The company sought to persuade Minister for Housing Eoghan Murphy to join its planning battle with Dublin City Council over the project, telling him his “urgent attention” was needed to provide “greater clarity” on the issue.
The lobbying push is revealed in documents released to The Irish Times under Freedom of Information legislation.
In March, Salesforce’s Ireland country leader Dr David Dempsey wrote to Mr Murphy regarding implementation of new building height guidelines he published in December which lifted maximum building heights in towns and cities.
The company asked the Minister to “provide greater clarity to the local planning authorities about how they should implement these guidelines, with particular regard to how they should currently apply in strategic development zones [SDZS]”.
It comes after a disagreement between the company building the project and Dublin City Council over which rules govern building heights in the capital’s SDZs.
In a High Court action lodged last month, Johnny Ronan’s Ronan Group Real Estate argued that the new guidelines superseded the height caps in the SDZ where the Salesforce Tower is being developed, and that the council had erroneously told its councillors that the SDZ rules still had priority.
“It had been our understanding that the guidelines, as a key national policy, were to be broadly implemented and done so without delay and, therefore, that the guidelines should apply to this application. We now understand, however, that there might be the need for the Government to provide further clarifications on the applicability of the guidelines,” Dr Dempsey wrote.
“We would respectfully request that you consider providing greater clarity to address any potential confusion or conflict between the guidelines and the SDZs.”
The company has claimed that it will be able to hire another 1,000 workers if the extra floors are approved. Salesforce asked Mr Murphy to give the matter his “urgent attention…as a decision is due imminently on this specific application”.
Senior civil servant
The documents also show that Salesforce raised the issue with the most senior civil servant in the Department of Business, Enterprise and Innovation. Following a meeting with Salesforce, the secretary general of that department, Orlaigh Quinn, emailed her counterpart in the Department of Housing, saying the company was “experiencing some difficulties/confusion regarding their major building plans for an urban campus”.

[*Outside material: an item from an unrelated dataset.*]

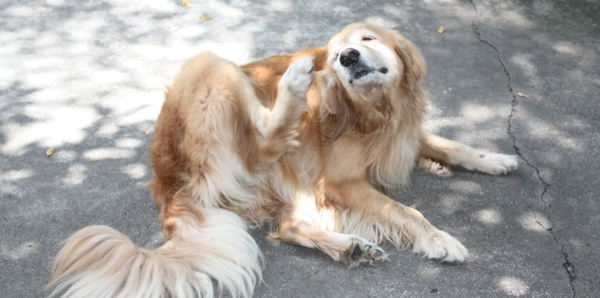 A dog is sitting on the pavement and scratching their ear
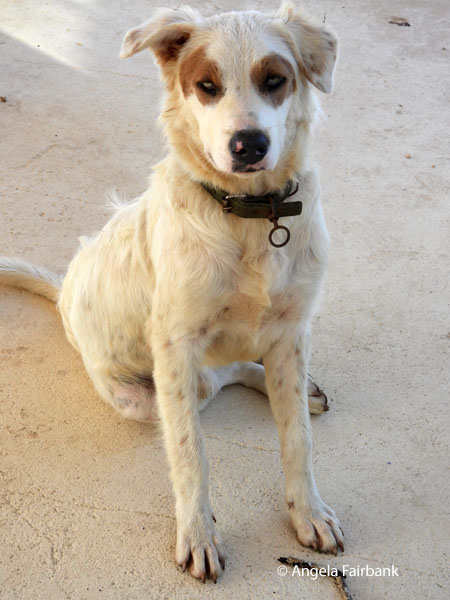 dog at caves 2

“This uncertainty is not helpful, and may impact on their plans to create 1,500 new jobs in Dublin,” she wrote.
Separately, a senior US-based inhouse lobbyist for the firm contacted a special adviser to the Taoiseach, also in March. Eric Loeb wrote to John Carroll asking to discuss the new building heights guidelines.
A Government spokesman said that Mr Loeb provided “an update on Salesforce’s Dublin expansion plans” during the call.
A spokesman for Salesforce had no comment.